Monday, February 28, 2011

Apple Pie...

My Dad LOVED apple pie, I think I get my addiction from him. I remember we used to buy the frozen dutch apple or deep dish apple pies quite a bit and bake them at home in the oven. We could barely wait for them to cool enough to make it edible, often times we'd just dig into it and bear the consequence of a burnt mouth, at least we had vanilla bean ice cream to cool it off a bit.

One time my parents were gone for the day and I decided I wanted to attempt to make an apple pie from scratch (for the first time ever, mind you). We had a bunch of random apples (I don't remember what kind they were, now I know it definitely makes a difference!), pie crusts in the fridge, and most of the spices (I think I had to omit some we didn't have if I remember right). I peeled, cored, and sliced the apples, followed the directions in mixing the spices, poured all the ingredients into the pie dish, baked and cooled it all before they got home. When they got home and my Dad saw there was an apple pie on the counter his face lit up (I think he even giggled a little). "Well, let's crack it open!," he said. Not knowing what to expect, we all took our first bites of my very first homemade apple pie, and surprisingly it wasn't half bad! I remember my Dad saying it reminded him of being a kid, someone had made pies that tasted like the one I made when he was younger and it took him back.
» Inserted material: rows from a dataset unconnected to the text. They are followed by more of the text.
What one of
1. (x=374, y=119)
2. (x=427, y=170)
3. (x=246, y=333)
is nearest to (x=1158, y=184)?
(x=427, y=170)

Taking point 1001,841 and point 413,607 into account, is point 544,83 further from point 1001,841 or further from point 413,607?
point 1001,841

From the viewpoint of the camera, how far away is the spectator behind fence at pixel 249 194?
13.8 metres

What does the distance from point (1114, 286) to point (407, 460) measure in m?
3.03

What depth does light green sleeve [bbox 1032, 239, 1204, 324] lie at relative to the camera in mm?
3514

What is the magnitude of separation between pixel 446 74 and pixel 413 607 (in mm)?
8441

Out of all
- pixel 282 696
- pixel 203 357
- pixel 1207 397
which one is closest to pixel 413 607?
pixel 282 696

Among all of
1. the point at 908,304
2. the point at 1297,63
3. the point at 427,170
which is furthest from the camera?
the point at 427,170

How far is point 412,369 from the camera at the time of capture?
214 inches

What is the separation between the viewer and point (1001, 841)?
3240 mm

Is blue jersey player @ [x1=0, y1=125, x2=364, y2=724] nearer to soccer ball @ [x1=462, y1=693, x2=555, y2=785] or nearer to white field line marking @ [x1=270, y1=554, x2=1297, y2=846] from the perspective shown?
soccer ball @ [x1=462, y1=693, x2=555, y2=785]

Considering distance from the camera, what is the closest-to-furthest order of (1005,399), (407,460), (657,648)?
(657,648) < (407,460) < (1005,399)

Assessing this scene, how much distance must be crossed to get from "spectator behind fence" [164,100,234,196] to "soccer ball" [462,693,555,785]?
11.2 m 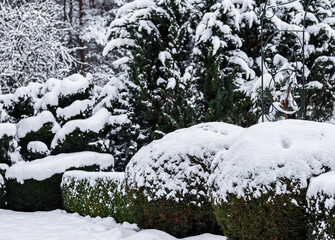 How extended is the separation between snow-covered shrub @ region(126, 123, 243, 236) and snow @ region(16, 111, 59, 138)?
556cm

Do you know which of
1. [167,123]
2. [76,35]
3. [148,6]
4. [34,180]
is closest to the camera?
[167,123]

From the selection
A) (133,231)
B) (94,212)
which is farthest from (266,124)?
(94,212)

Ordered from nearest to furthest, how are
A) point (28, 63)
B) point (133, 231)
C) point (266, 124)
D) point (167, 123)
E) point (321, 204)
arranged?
point (321, 204) < point (266, 124) < point (133, 231) < point (167, 123) < point (28, 63)

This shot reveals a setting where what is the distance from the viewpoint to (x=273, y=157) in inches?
140

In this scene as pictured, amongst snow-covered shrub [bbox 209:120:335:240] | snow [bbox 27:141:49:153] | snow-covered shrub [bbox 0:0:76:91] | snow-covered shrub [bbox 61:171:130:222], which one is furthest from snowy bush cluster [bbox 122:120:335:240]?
snow-covered shrub [bbox 0:0:76:91]

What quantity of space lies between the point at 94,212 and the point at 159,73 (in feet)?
12.0

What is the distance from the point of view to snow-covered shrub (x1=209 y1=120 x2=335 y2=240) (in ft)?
11.1

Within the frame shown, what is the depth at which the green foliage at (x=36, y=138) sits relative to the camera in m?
10.3

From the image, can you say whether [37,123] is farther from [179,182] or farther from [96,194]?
[179,182]

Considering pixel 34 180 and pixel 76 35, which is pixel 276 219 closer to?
pixel 34 180

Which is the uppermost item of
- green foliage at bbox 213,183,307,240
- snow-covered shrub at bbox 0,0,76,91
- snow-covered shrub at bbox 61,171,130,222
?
snow-covered shrub at bbox 0,0,76,91

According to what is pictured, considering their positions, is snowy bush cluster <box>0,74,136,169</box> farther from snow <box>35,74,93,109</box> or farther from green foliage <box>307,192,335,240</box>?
green foliage <box>307,192,335,240</box>

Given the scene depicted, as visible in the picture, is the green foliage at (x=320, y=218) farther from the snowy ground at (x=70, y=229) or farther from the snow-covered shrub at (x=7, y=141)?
the snow-covered shrub at (x=7, y=141)

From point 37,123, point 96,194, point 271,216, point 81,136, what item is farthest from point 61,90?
point 271,216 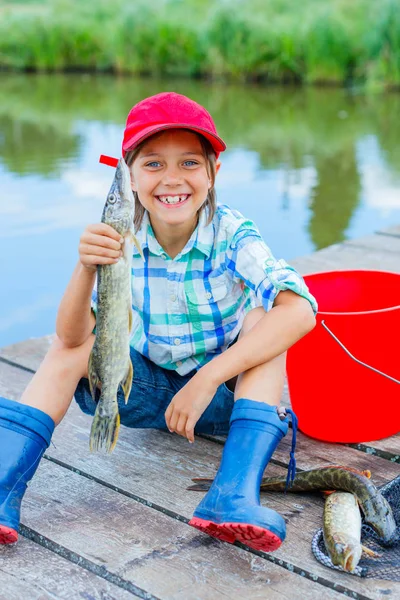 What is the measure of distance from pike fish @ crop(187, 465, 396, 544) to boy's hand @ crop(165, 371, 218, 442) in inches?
7.5

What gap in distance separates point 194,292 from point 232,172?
5.98 meters

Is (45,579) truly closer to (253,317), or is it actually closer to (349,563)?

So today, I decided to try my apple pie luck once again (only the second time in all my 26 years, which bewilders me as I LOVE APPLE PIE)...I'm happy to say my Dad would have been in taste bud heaven. I used 5 different kinds of apples (2 Granny Smith, 1 Braeburn, 1 Fuji, 1 Honey Crisp, 1 Pink Lady) and the results were above and beyond my expectations, especially since I pieced together a few recipes I had seen online and added flavors I love in pies like vanilla, nutmeg, and cinnamon.

Daddy, here's to you! For your 50th birthday in a week, you get a homemade Apple Pie...feel free to come down and have a bite or two when I'm not looking!

Monday, February 7, 2011

The Million Dollar Superbowl...

The first year we moved from Portland to live in Crooked River Ranch, Oregon, we lived in a rental house while our custom home was being built on some property my parent's had bought. We hadn't lived there for long when we got a letter in the mail from Publishers Clearing House. The letter was stating that my parents were finalists for the Million + dollar sweepstakes that was being given away on Superbowl Sunday. Not only was this hefty payday being given away, but it was being given away live on TV during a commercial break. My Dad was convinced that God was behind this letter, that there was no way on earth that the Publishers Clearing House could have found our address so soon after having moved, and that we were destined to win that jackpot. We sent in our official entry and we waited patiently for Superbowl Sunday to come.

I remember it snowed that Sunday and I had studied the area around my house to make sure I'd know when I saw them driving towards our house on the television. The moment came and I saw the people with the massive check on the TV...there was snow...THERE WAS SNOW...I thought, "Maybe there IS a chance! They're REALLY coming to OUR house!"...and as I watched them pull up to a house that clearly wasn't ours, surprising a family that obviously wasn't mine...I felt a massive disappointment come over me.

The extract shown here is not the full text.